> About this task:
A precise reproduction of every record below is needed, minus the pictures.

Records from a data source
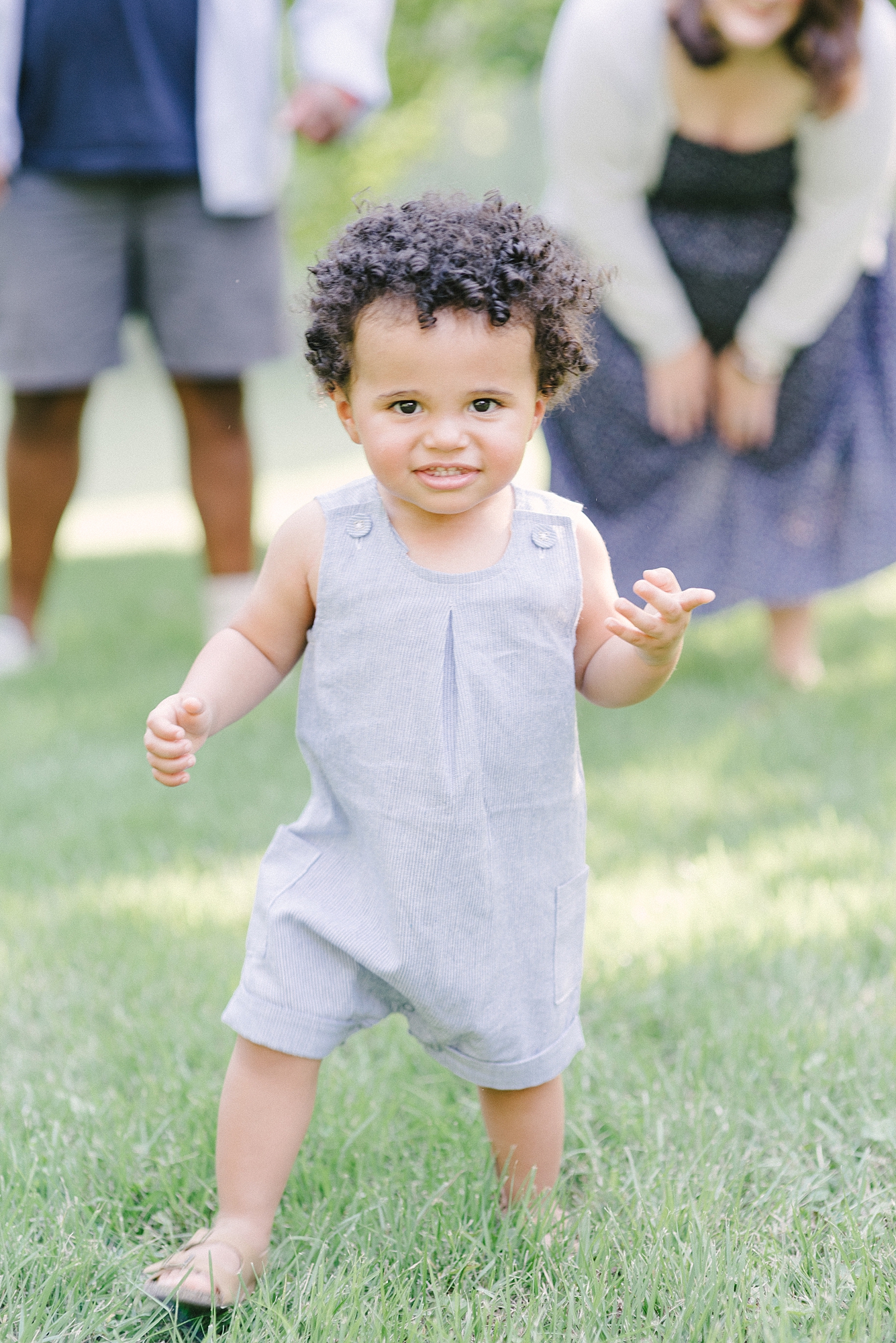 little boy running in the park at family photography session in Nashville with Nashville Family Photographer Dolly DeLong Photography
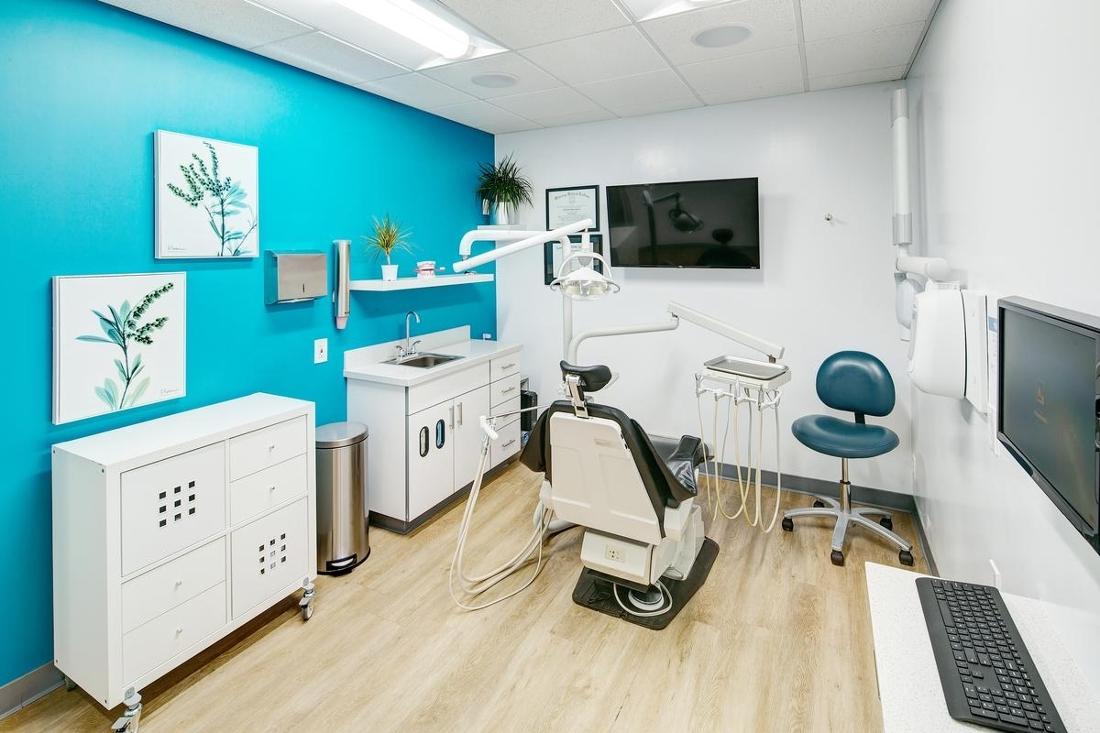 Clean and modern dental clinic room with comfortable exam chair in Woodland Hills
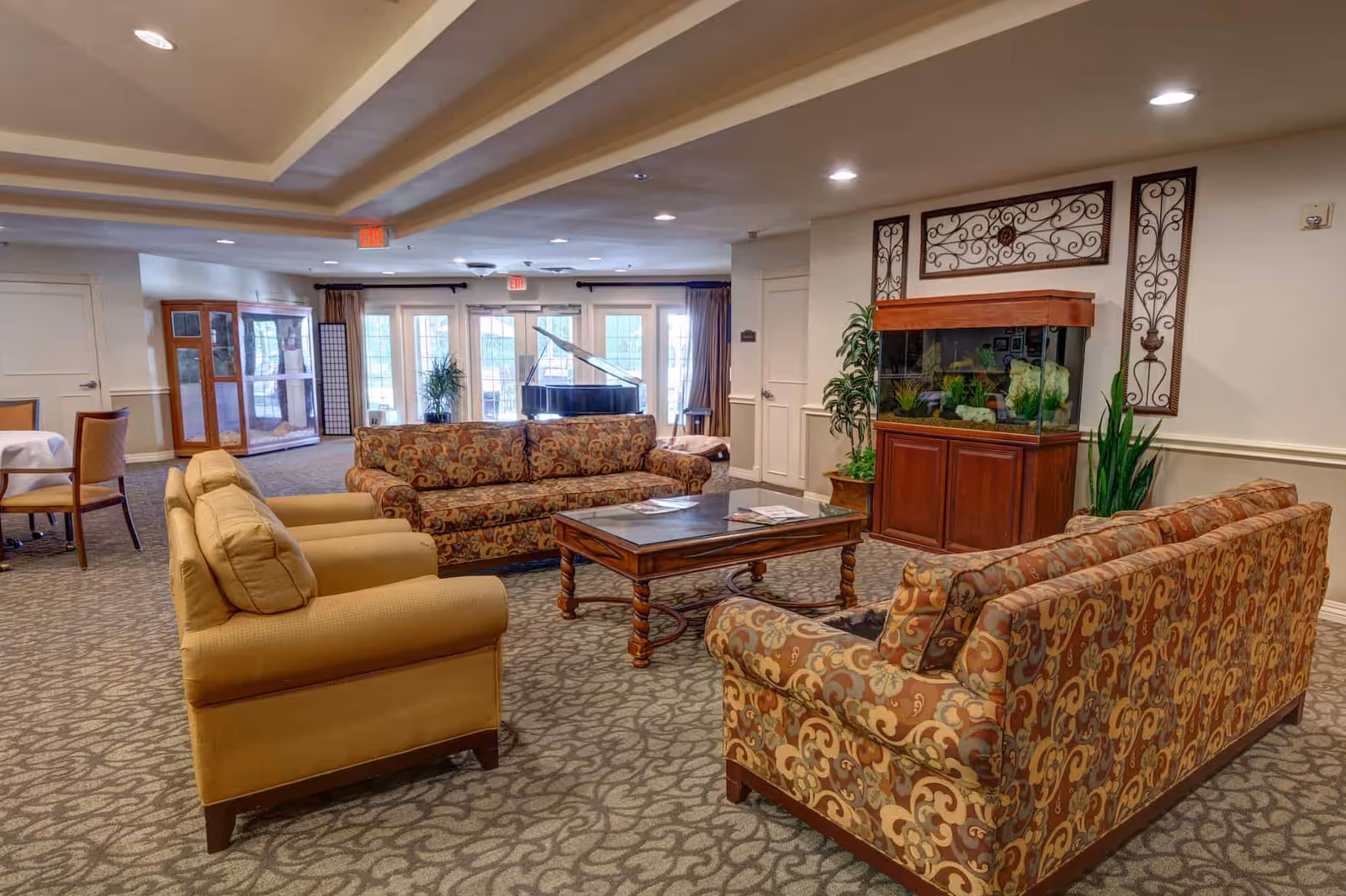 Spacious senior living common room with patterned sofas and armchairs around a coffee table, a large aquarium, and a grand piano by glass doors.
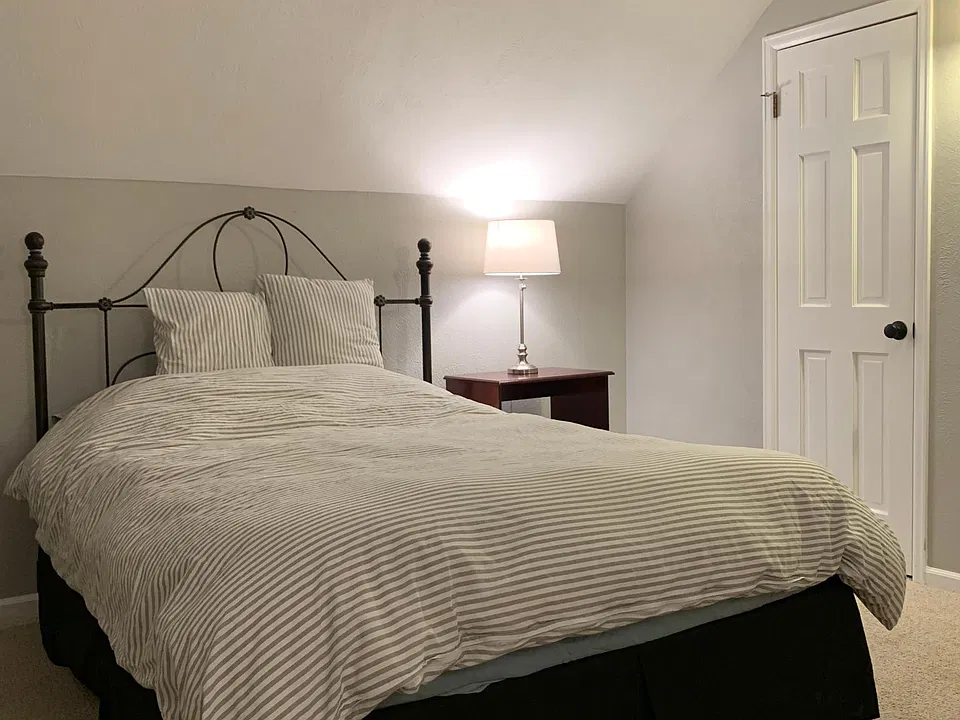 Queen bed with memory foam pad. All linens provided.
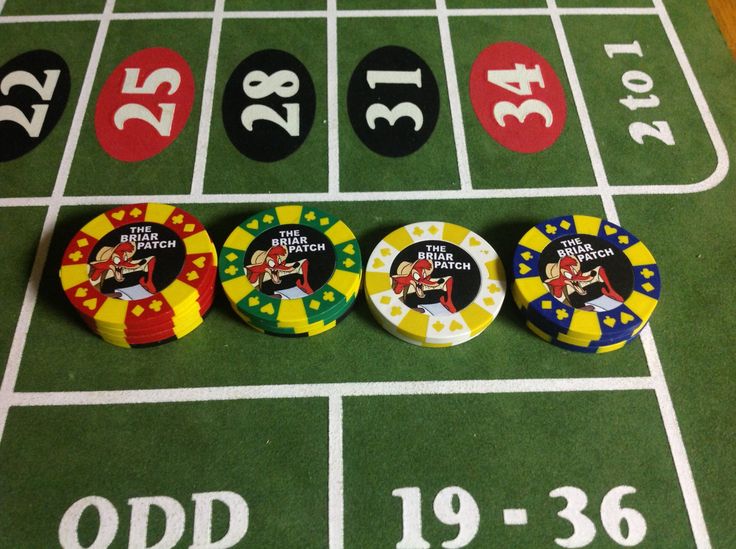 four casino chips sitting on top of a green table next to numbers and dices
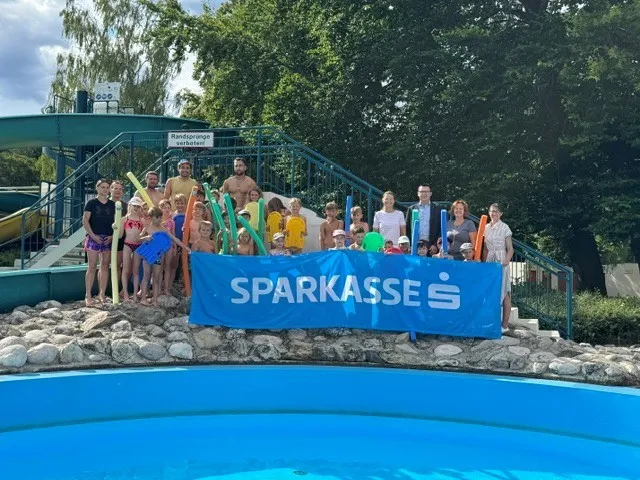 Kinder und Erwachsene mit Schwimmhilfen vor Sparkassen-Banner im Freibad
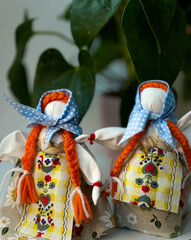 Two traditional Ukrainian motanka dolls with light blue headscarves and two long red braids each,...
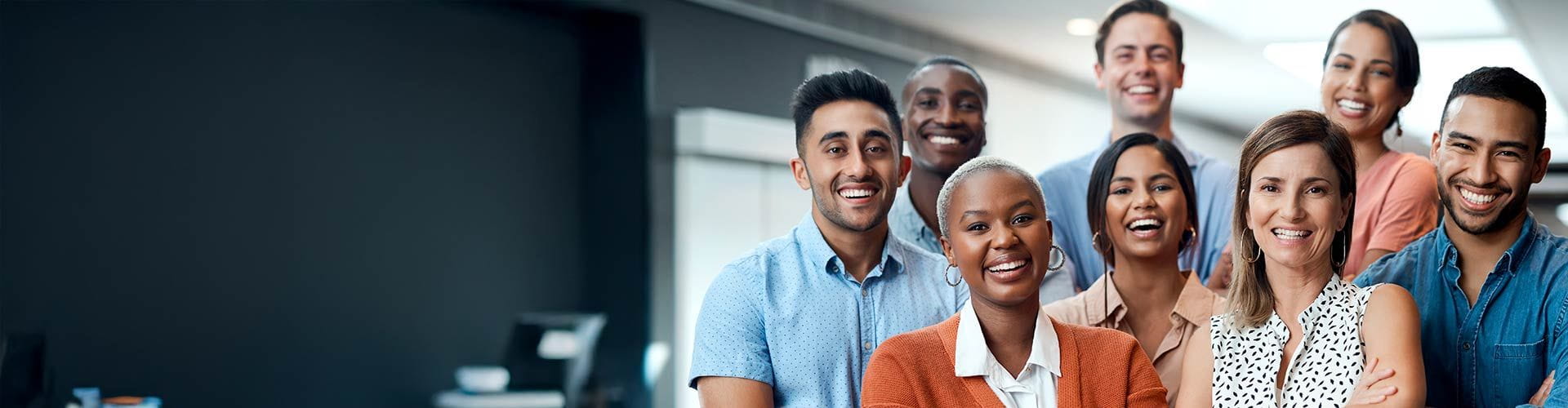 Groupe de 8 personnes dans une entreprise croisant les bras et souriant devant l’objectif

> Answer box:
 little boy running in the park at family photography session in Nashville with Nashville Family Photographer Dolly DeLong Photography
 Clean and modern dental clinic room with comfortable exam chair in Woodland Hills
 Spacious senior living common room with patterned sofas and armchairs around a coffee table, a large aquarium, and a grand piano by glass doors.
 Queen bed with memory foam pad. All linens provided.
 four casino chips sitting on top of a green table next to numbers and dices
 Kinder und Erwachsene mit Schwimmhilfen vor Sparkassen-Banner im Freibad
 Two traditional Ukrainian motanka dolls with light blue headscarves and two long red braids each,...
 Groupe de 8 personnes dans une entreprise croisant les bras et souriant devant l’objectif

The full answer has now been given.